Leaving out the pictures, please reproduce exactly and only the lines from the one that contains "Loewe S Size Wool Logo Shorts" through the last line below.

* **Recorded information**
=-=-=-=-=
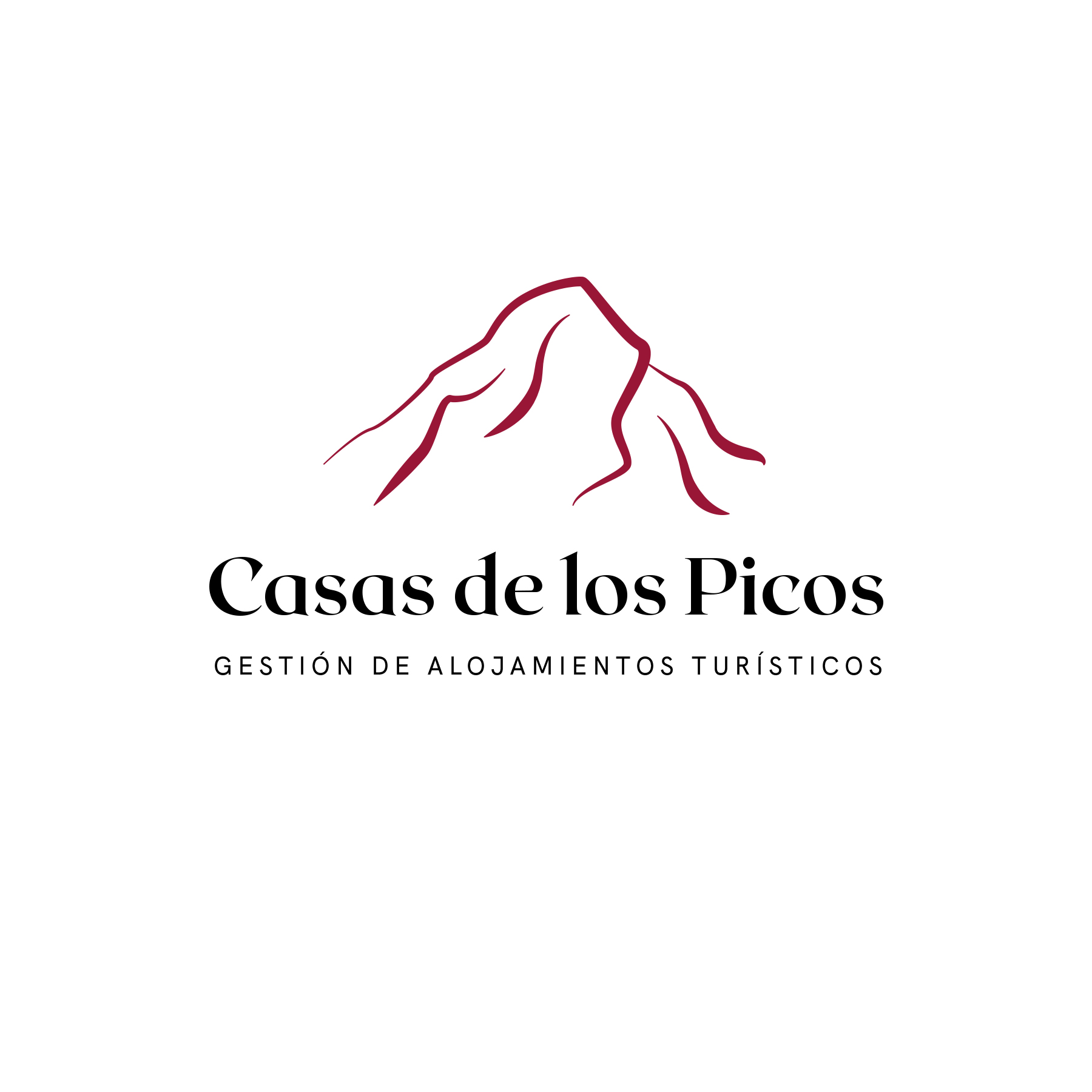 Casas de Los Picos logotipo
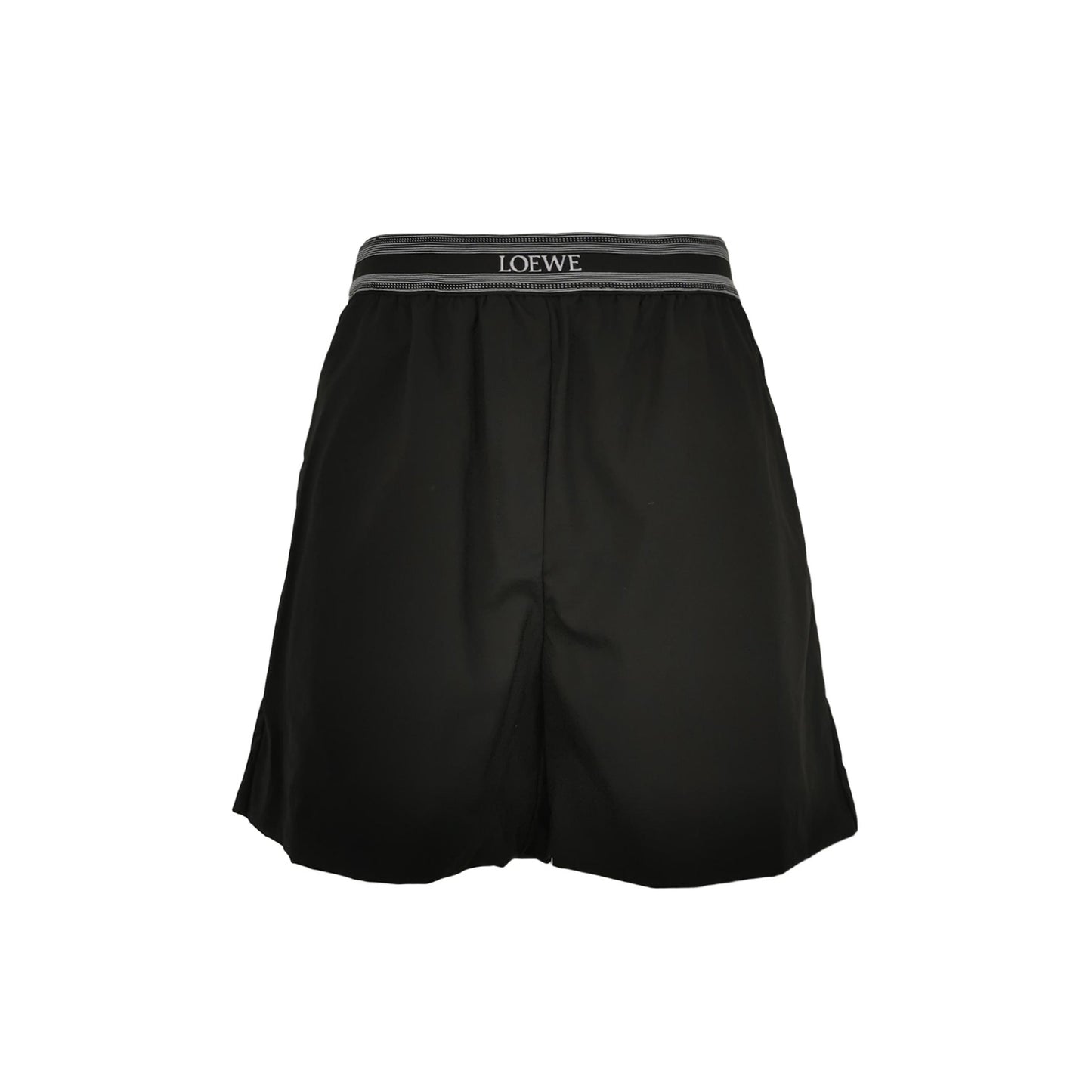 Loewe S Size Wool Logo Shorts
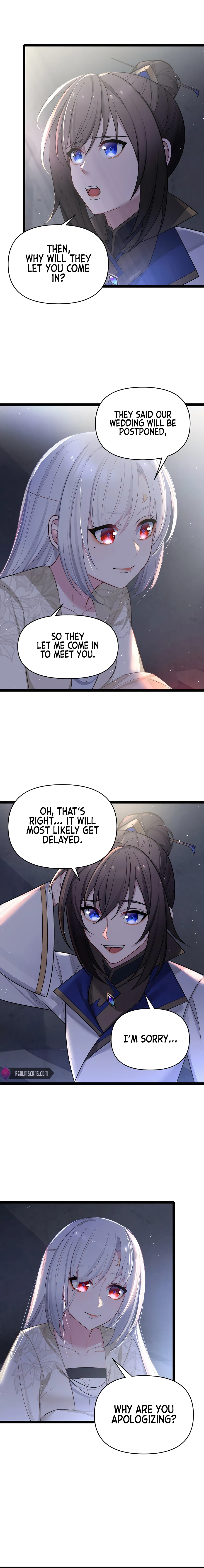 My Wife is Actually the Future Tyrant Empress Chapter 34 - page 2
=-=-=-=-=
* **Answer box**
 Loewe S Size Wool Logo Shorts
 My Wife is Actually the Future Tyrant Empress Chapter 34 - page 2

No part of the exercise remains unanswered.